10 facts from the January 2016 CRISPR patent landscape

Our quarterly CRISPR patent landscape is now available. For this first release in 2016, we haveĀ  included the latest business and technology developments, such as licensing deals information and a fully revisited breakdown of the functional and technical claim coverage. Our genomics expert Dr. Fabien Palazzoli has identified 489 CRISPR patent families out from worlwide patent registers, and systematically reviewed them down to individual claim wording to classify them into our unique, worldwide, independent CRISPR patent database.

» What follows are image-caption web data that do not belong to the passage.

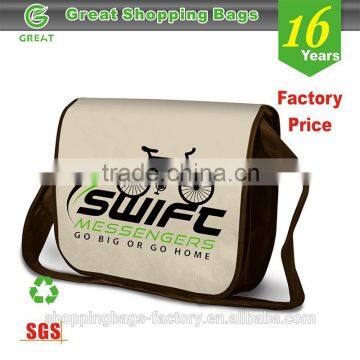 Custom eco friendly non woven single strap messenger bag for sport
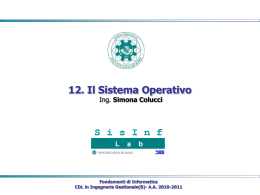 Il Sistema Operativo - SisInf Lab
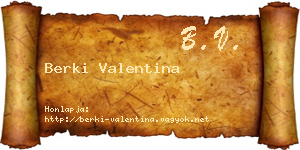 Berki Valentina névjegykártya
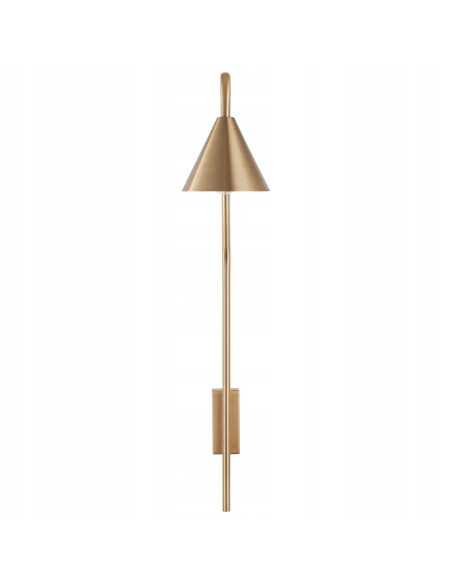 Kinkiet PRIMO w szczotkowanym złocie - nowoczesne oświetlenie industrialne do sypialni i biura, stylowe nad łóżko.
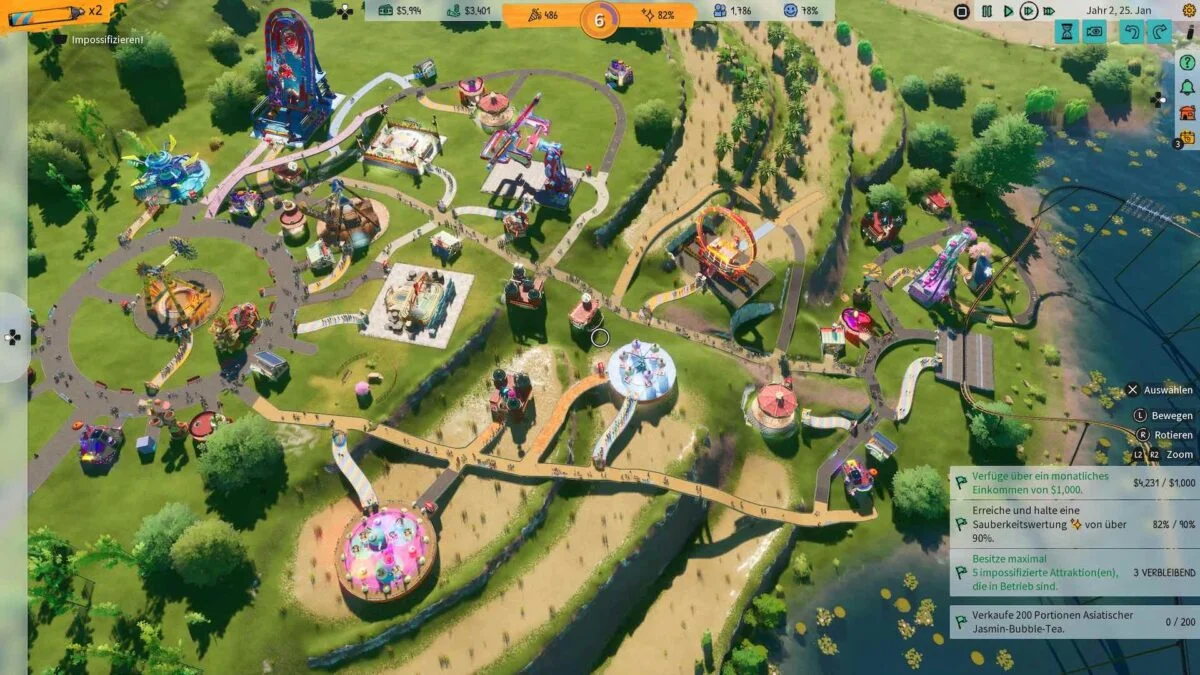 Dieser Park bietet Bereiche für alle drei Zielgruppen: Oben links können sich Teenager austoben, unten in der Mitte kommen speziell Familien auf ihre Kosten und ganz rechts haben Erwachsene Spaß.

In the meanwhile, facts and opinion papers around the Broad-Berkeley USPTO patent interference have been overloading our news monitoring capacity in the past 4 weeks… but that’s just about 2 pioneering families in the whole landscape. Here are 10 new facts out of the latest IPStudies CRISPR patent analytics – 489 CRISPR patent families as of January 2016:

  1. The number of published CRISPR patent families has been multiplied by 5 in 18 months.
  2. An increasing diversity of CRISPR actors are developing IP collaborations.
  3. More than 20 CRISPR patents have now been fast-tracked and granted at the USPTO.
  4. 10 actors now have more built a portfolio of more than 10 published patent families in the CRISPR patent landscape.
  5. Near 20% of the patent landscape publications have claims covering one or another variant of the CRISPR-Cas system as possible further specialized improvements and/or design arounds of the core technology.
  6. More than one third of the CRISPR patent landscape publications address therapeutic applications.
  7. After initial R&D positioning on the CRISPR-Cas system development in the pioneering landscape, several players are now focusing their IP on gene-specific gRNA.
  8. More than 80% of the CRISPR landscape address gene editing.
  9. Feng Zhang is the top 1 inventor in the CRISPR patent database with 36 families, while Jennifer Doudna is named on 10 families.
  10. The Chinese landscape is developing on its own, with 134 Chinese priority filings, but only 3 PCT extensions and 1 US filing registered so far.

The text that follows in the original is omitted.